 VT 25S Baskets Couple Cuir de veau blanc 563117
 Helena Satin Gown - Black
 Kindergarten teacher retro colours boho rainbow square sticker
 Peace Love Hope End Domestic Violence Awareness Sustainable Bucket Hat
○ ○ ○ ○
Problem requirements –
Reproduce the entire listing so that it matches the original in every line.

Written response –
 VT 25S Baskets Couple Cuir de veau blanc 563117
 Helena Satin Gown - Black
 Kindergarten teacher retro colours boho rainbow square sticker
 Peace Love Hope End Domestic Violence Awareness Sustainable Bucket Hat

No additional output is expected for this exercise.